**Task details:**
Select all lines in the records that include "Classic".

*** Extracted material ***

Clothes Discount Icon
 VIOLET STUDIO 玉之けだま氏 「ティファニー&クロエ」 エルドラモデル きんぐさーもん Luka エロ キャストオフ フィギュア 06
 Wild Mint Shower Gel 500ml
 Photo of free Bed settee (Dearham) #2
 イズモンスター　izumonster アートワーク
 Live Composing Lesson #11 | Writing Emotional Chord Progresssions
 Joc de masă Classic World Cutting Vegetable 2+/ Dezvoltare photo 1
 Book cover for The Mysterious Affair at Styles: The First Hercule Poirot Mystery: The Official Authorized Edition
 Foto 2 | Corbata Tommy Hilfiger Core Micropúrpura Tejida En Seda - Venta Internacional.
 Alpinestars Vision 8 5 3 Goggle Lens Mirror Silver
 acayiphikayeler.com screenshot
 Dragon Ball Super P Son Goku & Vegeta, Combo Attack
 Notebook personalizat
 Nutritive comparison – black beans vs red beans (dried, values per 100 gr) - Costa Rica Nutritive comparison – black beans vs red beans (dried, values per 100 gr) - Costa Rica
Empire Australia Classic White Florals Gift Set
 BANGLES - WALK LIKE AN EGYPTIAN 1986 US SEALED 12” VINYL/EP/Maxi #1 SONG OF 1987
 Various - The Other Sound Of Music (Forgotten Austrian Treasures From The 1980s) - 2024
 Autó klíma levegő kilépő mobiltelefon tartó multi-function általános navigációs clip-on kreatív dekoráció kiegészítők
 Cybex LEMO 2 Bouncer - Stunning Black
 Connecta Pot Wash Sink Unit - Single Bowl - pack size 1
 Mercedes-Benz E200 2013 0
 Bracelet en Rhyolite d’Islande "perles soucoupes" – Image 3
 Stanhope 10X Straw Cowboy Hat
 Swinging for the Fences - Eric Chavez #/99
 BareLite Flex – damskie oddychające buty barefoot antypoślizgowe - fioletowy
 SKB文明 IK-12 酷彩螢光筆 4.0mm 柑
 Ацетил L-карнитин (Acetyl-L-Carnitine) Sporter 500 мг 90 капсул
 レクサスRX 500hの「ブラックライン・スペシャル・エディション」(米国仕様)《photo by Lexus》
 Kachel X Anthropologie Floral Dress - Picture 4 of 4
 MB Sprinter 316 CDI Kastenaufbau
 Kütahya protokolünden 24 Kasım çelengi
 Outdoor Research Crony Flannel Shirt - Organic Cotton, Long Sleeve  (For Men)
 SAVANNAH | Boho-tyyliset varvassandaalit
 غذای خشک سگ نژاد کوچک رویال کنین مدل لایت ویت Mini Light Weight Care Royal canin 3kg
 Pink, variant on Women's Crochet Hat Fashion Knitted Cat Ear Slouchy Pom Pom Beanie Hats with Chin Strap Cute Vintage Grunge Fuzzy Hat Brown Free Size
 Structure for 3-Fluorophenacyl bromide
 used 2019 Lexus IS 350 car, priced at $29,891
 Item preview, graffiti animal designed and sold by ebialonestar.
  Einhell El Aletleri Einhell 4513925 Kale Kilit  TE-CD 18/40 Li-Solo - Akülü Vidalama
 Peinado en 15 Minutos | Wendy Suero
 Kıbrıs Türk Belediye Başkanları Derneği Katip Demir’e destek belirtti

*** End of Extracted material ***

**Solution:**
 Joc de masă Classic World Cutting Vegetable 2+/ Dezvoltare photo 1
Empire Australia Classic White Florals Gift Set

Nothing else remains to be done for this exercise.